* **EXERCISE GOAL**
Word for word, restate the lines of the data below between those holding "Commercial semi-truck hauling a load." and "A bride and", inclusive; pictures do not belong in the copy.

* **STORED DATA**

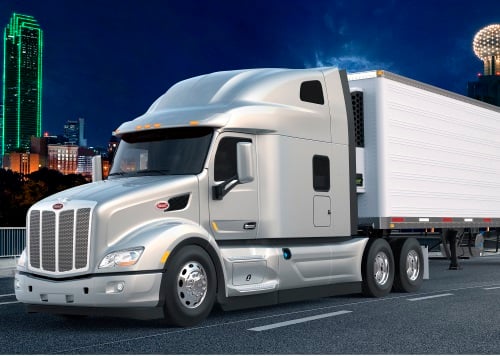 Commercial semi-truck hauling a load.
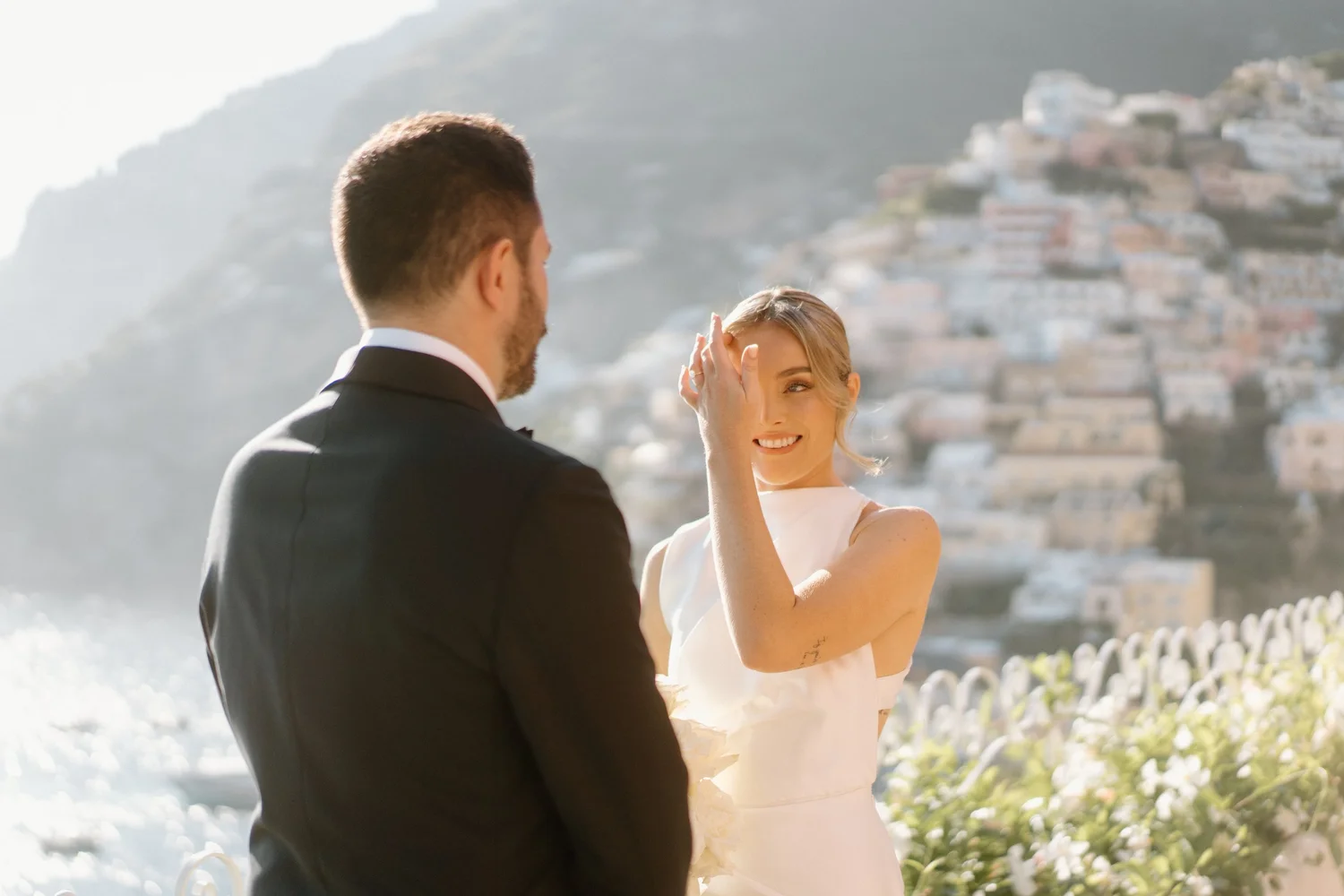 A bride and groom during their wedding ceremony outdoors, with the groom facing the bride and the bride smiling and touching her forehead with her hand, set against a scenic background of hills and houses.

==

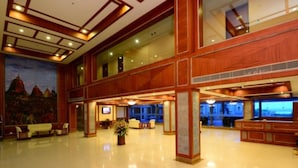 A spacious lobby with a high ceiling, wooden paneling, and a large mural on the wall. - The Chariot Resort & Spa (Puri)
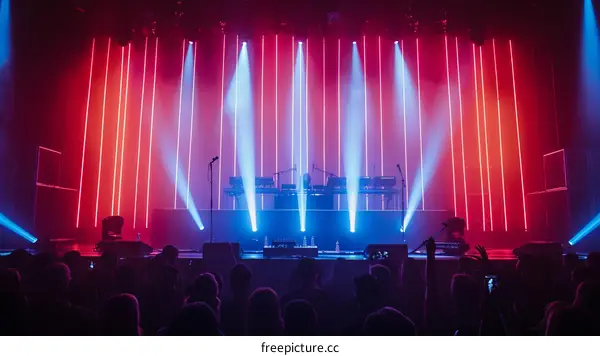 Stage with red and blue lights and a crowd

---

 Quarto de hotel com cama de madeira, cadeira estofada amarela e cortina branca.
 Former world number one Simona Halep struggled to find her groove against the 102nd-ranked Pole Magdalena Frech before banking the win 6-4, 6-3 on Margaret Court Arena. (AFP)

* **ANSWER BELOW**
 Commercial semi-truck hauling a load.
 A bride and groom during their wedding ceremony outdoors, with the groom facing the bride and the bride smiling and touching her forehead with her hand, set against a scenic background of hills and houses.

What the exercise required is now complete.